▸ **What is expected**: Output the listing verbatim, leaving out every picture.

[[ Recorded information, beginning ]]

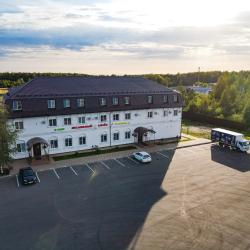 Фото Отель Желанный гость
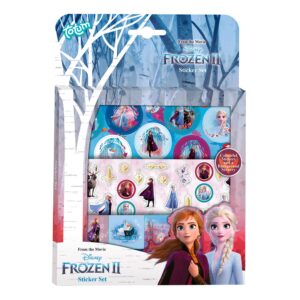 Totum Disney Frozen 2 – Stickerset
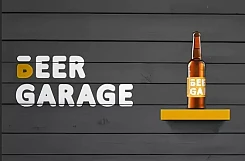 Франшиза «BeerGarage» – сеть пивных баров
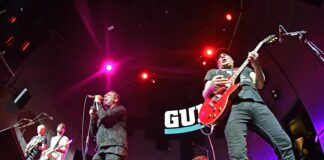 Así fue el concierto de Gun en la Sala Acapulco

[[ Recorded information, end ]]

▸ **Expected output**:
 Фото Отель Желанный гость
 Totum Disney Frozen 2 – Stickerset
 Франшиза «BeerGarage» – сеть пивных баров
 Así fue el concierto de Gun en la Sala Acapulco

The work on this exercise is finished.